This is the only major density wave visible in Saturn's B ring. Most of the B ring is characterized by structures that dominate the areas where density waves might otherwise occur, but this innermost portion of the B ring is different.

The radius from Saturn at which the wave originates (toward lower-right in this image) is 59,796 miles (96,233 kilometers) from the planet. At this location, ring particles orbit Saturn twice for every time the moon Janus orbits once, creating an orbital resonance. The wave propagates outward from the resonance (and away from Saturn), toward upper-left in this view. For reasons researchers do not entirely understand, damping of waves by larger ring structures is very weak at this location, so this wave is seen ringing for hundreds of bright wave crests, unlike density waves in Saturn's A ring. 

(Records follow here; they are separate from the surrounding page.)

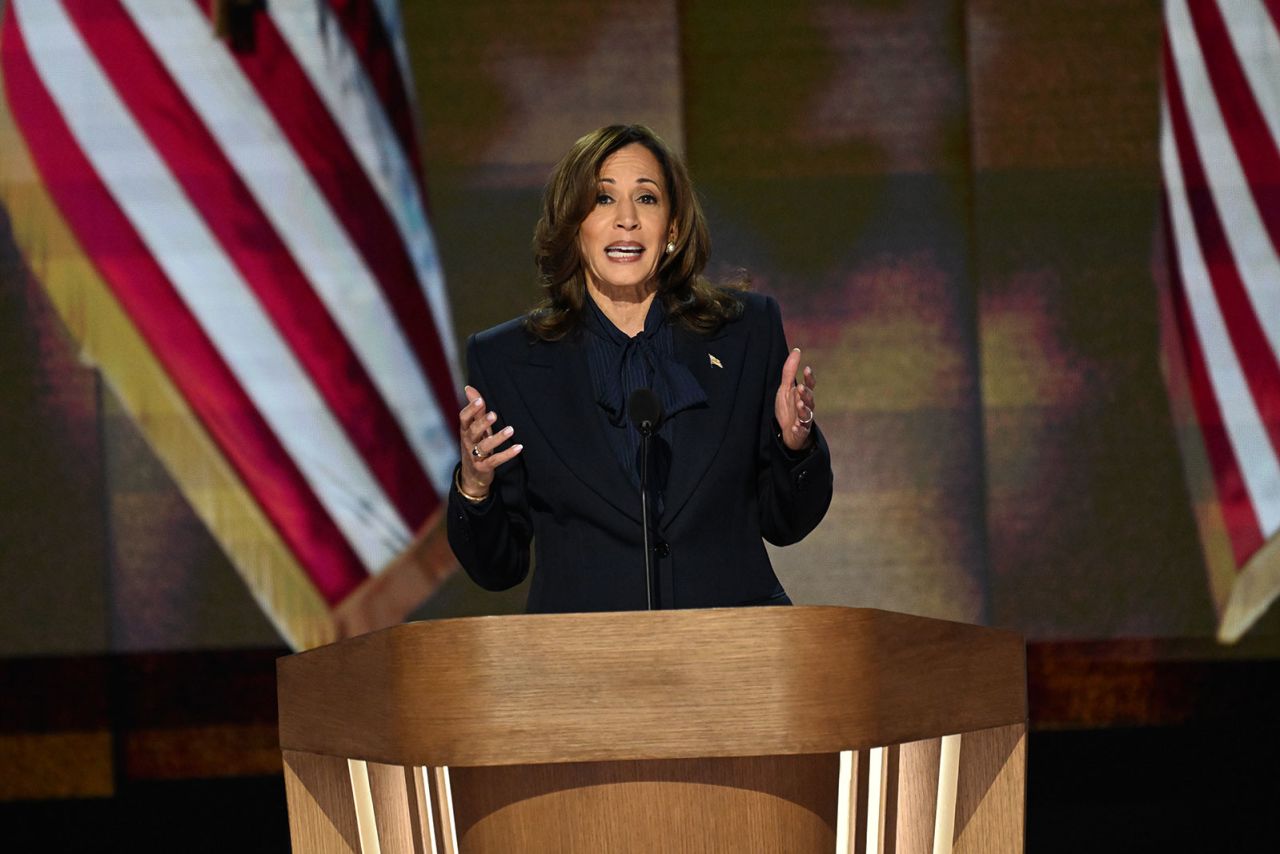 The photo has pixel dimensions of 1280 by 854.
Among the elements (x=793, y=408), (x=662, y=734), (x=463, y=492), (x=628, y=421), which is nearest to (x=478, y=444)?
(x=463, y=492)

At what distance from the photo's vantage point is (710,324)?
2.03 metres

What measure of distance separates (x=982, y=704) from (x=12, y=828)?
3.11 m

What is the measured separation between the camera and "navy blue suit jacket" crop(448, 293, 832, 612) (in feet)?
6.22

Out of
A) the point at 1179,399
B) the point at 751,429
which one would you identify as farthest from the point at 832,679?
the point at 1179,399

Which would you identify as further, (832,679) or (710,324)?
(710,324)

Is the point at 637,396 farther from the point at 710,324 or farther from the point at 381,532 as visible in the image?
the point at 381,532

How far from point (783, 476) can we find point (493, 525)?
369 mm

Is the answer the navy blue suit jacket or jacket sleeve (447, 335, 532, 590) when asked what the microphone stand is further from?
jacket sleeve (447, 335, 532, 590)

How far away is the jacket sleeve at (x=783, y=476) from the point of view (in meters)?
1.90

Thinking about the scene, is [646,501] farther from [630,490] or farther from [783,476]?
[783,476]

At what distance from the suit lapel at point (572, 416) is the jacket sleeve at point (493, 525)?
0.06 metres

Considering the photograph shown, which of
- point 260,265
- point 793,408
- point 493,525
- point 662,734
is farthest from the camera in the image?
point 260,265

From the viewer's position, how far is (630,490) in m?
1.90

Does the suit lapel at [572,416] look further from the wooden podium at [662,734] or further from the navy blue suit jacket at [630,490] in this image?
the wooden podium at [662,734] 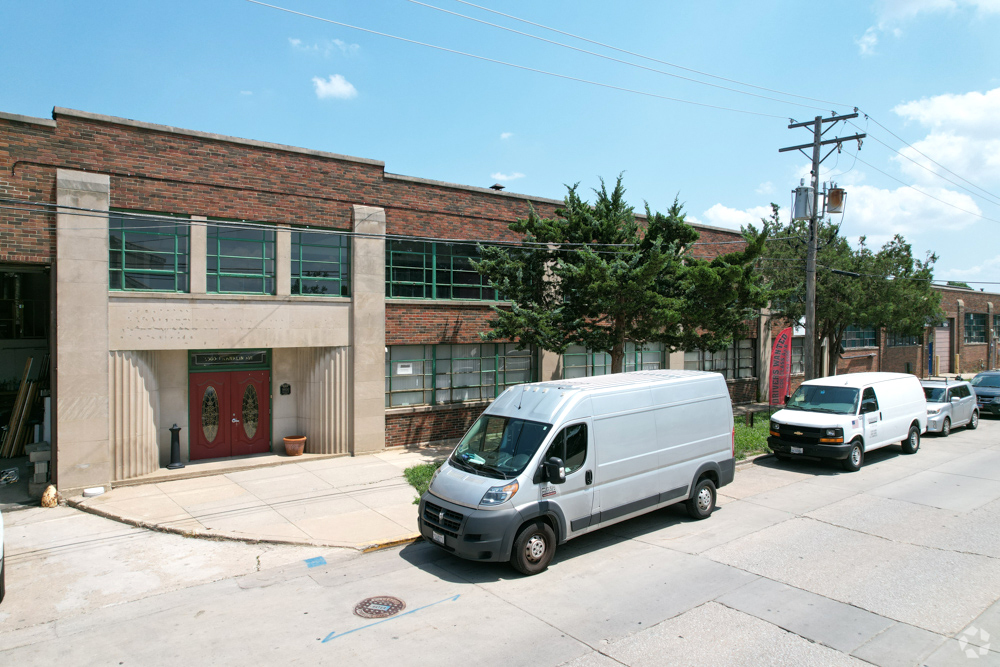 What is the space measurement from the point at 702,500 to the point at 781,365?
445 inches

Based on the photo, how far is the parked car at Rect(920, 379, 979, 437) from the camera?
18.1 metres

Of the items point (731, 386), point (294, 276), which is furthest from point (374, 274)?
point (731, 386)

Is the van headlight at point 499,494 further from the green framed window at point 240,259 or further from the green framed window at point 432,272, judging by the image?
the green framed window at point 240,259

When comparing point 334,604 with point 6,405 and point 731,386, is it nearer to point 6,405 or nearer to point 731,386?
point 6,405

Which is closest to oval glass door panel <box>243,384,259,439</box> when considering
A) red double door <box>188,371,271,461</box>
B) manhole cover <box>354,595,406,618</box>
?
red double door <box>188,371,271,461</box>

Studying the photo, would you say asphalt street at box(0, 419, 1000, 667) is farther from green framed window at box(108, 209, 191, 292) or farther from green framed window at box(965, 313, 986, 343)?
green framed window at box(965, 313, 986, 343)

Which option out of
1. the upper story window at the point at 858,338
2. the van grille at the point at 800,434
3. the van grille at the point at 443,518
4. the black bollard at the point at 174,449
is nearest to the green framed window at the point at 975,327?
the upper story window at the point at 858,338

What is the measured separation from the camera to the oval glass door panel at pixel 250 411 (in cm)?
1431

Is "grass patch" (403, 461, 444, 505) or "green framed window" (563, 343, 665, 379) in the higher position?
"green framed window" (563, 343, 665, 379)

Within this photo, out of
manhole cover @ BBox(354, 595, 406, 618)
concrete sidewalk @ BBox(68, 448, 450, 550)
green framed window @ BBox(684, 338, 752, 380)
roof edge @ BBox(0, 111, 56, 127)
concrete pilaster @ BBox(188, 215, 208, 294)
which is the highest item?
roof edge @ BBox(0, 111, 56, 127)

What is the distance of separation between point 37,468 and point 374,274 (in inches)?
301

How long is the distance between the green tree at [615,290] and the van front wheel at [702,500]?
4.80m

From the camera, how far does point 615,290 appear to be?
45.7 feet

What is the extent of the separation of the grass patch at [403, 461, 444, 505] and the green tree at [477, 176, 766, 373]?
372cm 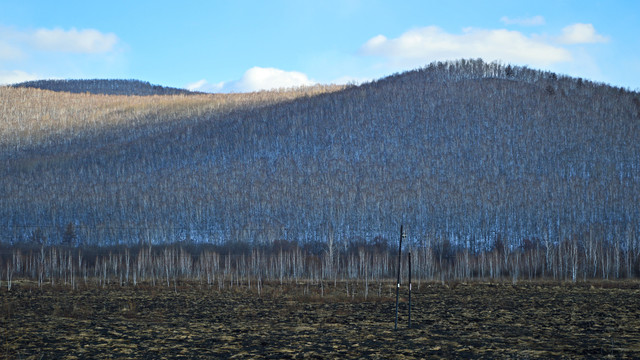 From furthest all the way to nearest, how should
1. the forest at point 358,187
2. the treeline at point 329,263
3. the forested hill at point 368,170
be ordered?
the forested hill at point 368,170
the forest at point 358,187
the treeline at point 329,263

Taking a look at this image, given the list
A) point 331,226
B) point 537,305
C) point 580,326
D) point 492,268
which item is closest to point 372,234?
point 331,226

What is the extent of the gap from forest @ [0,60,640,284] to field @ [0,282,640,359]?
123ft

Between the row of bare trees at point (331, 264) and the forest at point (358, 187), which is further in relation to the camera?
the forest at point (358, 187)

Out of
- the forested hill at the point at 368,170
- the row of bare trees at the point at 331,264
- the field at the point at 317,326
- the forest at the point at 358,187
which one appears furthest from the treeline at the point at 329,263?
the field at the point at 317,326

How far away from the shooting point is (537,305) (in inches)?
1711

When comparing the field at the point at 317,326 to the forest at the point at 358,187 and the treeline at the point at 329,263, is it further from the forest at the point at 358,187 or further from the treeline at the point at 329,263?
the forest at the point at 358,187

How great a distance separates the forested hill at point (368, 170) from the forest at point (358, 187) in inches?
18.6

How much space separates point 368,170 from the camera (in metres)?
141

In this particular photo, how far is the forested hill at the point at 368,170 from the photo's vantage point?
392 ft

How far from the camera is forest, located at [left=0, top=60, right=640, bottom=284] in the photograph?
10112 centimetres

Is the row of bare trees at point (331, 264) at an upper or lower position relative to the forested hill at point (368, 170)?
lower

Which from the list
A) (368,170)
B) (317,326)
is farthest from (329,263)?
(317,326)

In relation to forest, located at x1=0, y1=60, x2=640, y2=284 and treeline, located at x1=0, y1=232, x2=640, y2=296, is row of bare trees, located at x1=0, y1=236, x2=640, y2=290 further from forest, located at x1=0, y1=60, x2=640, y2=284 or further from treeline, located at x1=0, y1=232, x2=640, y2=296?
forest, located at x1=0, y1=60, x2=640, y2=284

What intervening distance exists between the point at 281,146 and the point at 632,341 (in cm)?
13699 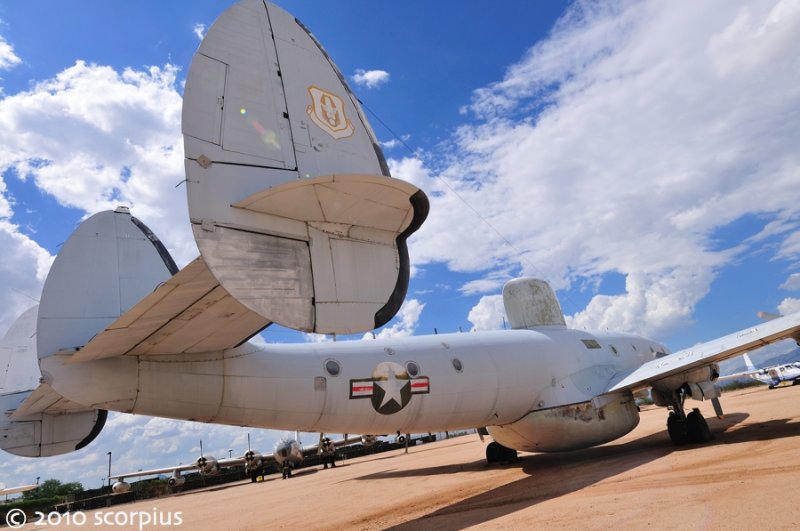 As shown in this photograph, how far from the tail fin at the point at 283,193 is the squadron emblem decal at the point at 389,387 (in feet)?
16.0

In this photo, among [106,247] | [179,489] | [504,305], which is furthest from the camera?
[179,489]

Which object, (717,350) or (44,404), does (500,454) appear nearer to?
(717,350)

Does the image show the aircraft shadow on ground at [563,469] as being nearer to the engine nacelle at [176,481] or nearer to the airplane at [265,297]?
the airplane at [265,297]

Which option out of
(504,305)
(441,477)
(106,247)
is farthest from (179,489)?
(106,247)

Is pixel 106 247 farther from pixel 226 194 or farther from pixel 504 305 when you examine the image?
pixel 504 305

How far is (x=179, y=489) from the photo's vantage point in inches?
1367

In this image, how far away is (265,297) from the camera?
16.6ft

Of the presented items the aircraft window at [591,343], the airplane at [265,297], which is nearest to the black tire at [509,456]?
the airplane at [265,297]

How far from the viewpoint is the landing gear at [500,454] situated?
15.5m

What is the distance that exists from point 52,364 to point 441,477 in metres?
11.2

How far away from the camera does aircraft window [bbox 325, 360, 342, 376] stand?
393 inches

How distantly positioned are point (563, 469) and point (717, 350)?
4949mm

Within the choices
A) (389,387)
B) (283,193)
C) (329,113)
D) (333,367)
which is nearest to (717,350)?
(389,387)

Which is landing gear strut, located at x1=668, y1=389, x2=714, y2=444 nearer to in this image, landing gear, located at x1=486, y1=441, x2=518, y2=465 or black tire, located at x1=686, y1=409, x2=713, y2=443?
black tire, located at x1=686, y1=409, x2=713, y2=443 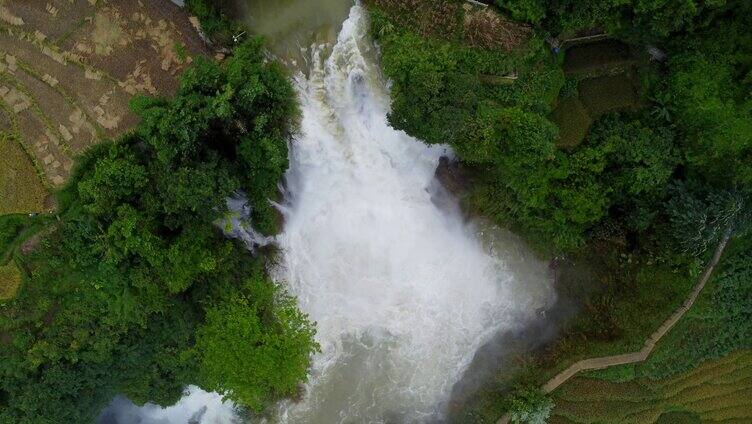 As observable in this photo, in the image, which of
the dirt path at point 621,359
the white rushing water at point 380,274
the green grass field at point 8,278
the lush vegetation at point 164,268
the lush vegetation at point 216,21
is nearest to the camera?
the lush vegetation at point 164,268

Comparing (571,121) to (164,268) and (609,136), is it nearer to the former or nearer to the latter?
(609,136)

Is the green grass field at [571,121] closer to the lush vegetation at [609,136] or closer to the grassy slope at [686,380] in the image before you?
the lush vegetation at [609,136]

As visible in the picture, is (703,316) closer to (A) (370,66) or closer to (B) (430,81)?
(B) (430,81)

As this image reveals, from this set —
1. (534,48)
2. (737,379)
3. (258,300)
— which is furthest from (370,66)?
(737,379)

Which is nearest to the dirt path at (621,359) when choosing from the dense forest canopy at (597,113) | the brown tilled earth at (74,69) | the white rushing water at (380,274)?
the white rushing water at (380,274)

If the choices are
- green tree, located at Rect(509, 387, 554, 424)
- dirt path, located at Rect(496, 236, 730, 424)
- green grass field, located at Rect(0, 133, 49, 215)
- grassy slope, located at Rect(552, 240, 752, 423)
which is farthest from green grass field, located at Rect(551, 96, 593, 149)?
green grass field, located at Rect(0, 133, 49, 215)

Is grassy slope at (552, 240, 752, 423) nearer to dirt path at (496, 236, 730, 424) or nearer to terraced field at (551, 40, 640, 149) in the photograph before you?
dirt path at (496, 236, 730, 424) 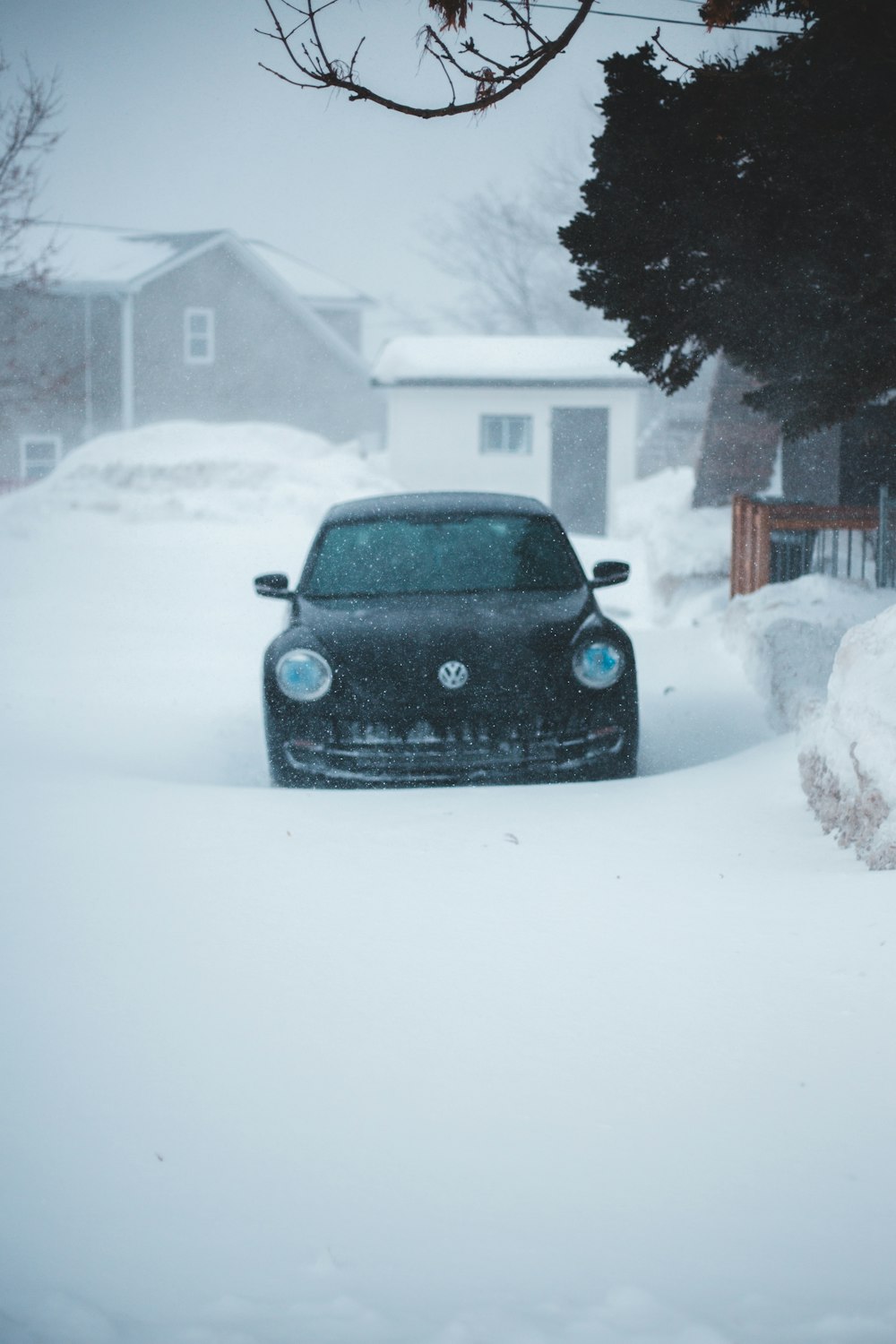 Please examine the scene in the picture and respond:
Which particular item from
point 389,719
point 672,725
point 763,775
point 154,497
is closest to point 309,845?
point 389,719

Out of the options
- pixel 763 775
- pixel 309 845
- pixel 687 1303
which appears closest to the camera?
pixel 687 1303

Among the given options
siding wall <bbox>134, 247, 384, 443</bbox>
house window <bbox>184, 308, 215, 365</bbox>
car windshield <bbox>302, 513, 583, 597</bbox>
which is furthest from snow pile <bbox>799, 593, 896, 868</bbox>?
house window <bbox>184, 308, 215, 365</bbox>

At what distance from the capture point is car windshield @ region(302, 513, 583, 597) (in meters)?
6.99

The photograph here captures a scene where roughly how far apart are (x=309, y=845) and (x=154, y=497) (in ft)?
71.8

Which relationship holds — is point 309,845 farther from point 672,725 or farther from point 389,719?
point 672,725

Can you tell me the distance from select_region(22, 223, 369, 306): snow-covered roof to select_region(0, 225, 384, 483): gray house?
0.16 ft

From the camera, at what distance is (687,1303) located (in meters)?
2.42

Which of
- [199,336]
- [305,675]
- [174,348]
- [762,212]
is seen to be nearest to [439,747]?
[305,675]

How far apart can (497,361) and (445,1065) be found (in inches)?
1096

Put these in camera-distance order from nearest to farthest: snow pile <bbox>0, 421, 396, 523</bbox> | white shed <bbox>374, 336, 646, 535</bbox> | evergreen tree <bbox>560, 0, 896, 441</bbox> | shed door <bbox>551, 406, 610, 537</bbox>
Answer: evergreen tree <bbox>560, 0, 896, 441</bbox> < snow pile <bbox>0, 421, 396, 523</bbox> < white shed <bbox>374, 336, 646, 535</bbox> < shed door <bbox>551, 406, 610, 537</bbox>

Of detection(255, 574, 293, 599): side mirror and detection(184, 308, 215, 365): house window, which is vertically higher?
detection(184, 308, 215, 365): house window

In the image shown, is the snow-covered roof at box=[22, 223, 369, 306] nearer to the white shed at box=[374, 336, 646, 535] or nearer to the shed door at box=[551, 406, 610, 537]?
the white shed at box=[374, 336, 646, 535]

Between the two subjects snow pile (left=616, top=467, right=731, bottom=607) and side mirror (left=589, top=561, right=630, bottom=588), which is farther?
snow pile (left=616, top=467, right=731, bottom=607)

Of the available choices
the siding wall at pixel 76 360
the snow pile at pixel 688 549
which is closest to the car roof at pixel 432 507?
the snow pile at pixel 688 549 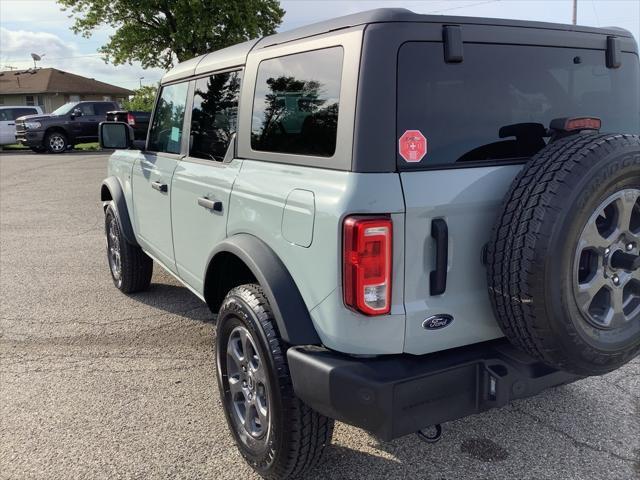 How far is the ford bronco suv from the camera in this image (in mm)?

The image gives the illusion that the ring plane is tilted away from the camera toward upper-left, but this is not the case. Because of the mechanics of how this kind of wave propagates, the wavelength decreases with distance from the resonance. Thus, the upper-left of the image is just as close to the camera as the lower-right, while the wavelength of the density wave is simply shorter. 

This wave is remarkable because Janus, the moon that generates it, is in a strange orbital configuration. Janus and Epimetheus (see "Cruising Past Janus") share practically the same orbit and trade places every four years. Every time one of those orbit swaps takes place, the ring at this location responds, spawning a new crest in the wave. The distance between any pair of crests corresponds to four years’ worth of the wave propagating downstream from the resonance, which means the wave seen here encodes many decades’ worth of the orbital history of Janus and Epimetheus. According to this interpretation, the part of the wave at the very upper-left of this image corresponds to the positions of Janus and Epimetheus around the time of the Voyager flybys in 1980 and 1981, which is the time at which Janus and Epimetheus were first proven to be two distinct objects (they were first observed in 1966). 

Epimetheus also generates waves at this location, but they are swamped by the waves from Janus, since Janus is the larger of the two moons. 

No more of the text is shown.